Monday, August 27, 2012

My Embarrassing Secret

Okay...almost nobody knows this about me. So it feels kind of odd writing about it where several hundred people will see it.

I'm a librarian, and I can't read a book.

I used to love reading, especially teen novels and adult non-fiction. I would usually read a book a day.

About ten years ago, I noticed that I was having some difficulty following narratives. About two years later I found myself having to re-read paragraphs a few times to get the gist of what they were saying. Today, a book is a major challenge for me that I rarely take on.

I forced myself through the Hunger Games trilogy, with great effort and a lot of time. I bring books home from work, but they sit by my bed until I give up and bring them back. I do this regularly, out of habit and a strong hope that one day the curse will be broken and I will return to the library triumphant, having finished the small stack of items.

I love reading. I have since I was six years old. When this started, I assumed that I had become mentally lazy, or burned out.

I had been diagnosed with major depressive disorder in 2000, after being diagnosed with mild depression by my family doctor in 1999. There was no reason for that diagnosis to impair my ability to read.

It just keeps getting worse and worse, and it's embarrassing. I can read small sections of reports, but anything of any length is a huge issue.

Now, I have a proper diagnosis. It turns out that in 2000 the only time doctors had seen me was when I was depressed. I recently had a full work-up done by a psychiatrist, and to my surprise (but not to my wife or friends), I'm bipolar with an anxiety disorder. (On average, it takes fifteen years to get a proper diagnosis for type II bipolar disorder. I beat that by three. Booyah! Take that, average diagnosis time!).

I managed to find an excerpt of a paper published at psycheducation.org that talks about racing thoughts (which I have with hypomania) and anxiety:

When this is severe, people who enjoy books can find themselves completely unable to read: they just go over and over the same paragraph and it doesn't "sink in."

I told my doctor about this. We think that when I'm depressed, I'm not motivated to read.
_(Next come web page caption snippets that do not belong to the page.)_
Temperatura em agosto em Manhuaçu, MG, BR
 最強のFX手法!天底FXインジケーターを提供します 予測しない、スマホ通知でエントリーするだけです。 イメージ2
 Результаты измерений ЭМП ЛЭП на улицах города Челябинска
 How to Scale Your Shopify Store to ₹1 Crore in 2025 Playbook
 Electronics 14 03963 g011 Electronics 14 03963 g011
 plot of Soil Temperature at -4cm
When I'm hypomanic, my thoughts are racing. Once we get my bipolar and anxiety under control, we both are hoping that my reading will improve.

The silver lining? Now that I've been a non-reader for eight years, I have great respect (and a better understanding) for people with reading difficulties who have the courage to visit the library.

They don't come in the door and see limitless opportunities for learning.

The come for a CD. DVD, newsaper or magazine; or a simply a place to sit, in spite of being surrounded by shelves and shelves of what to many of them are reminders of their failings.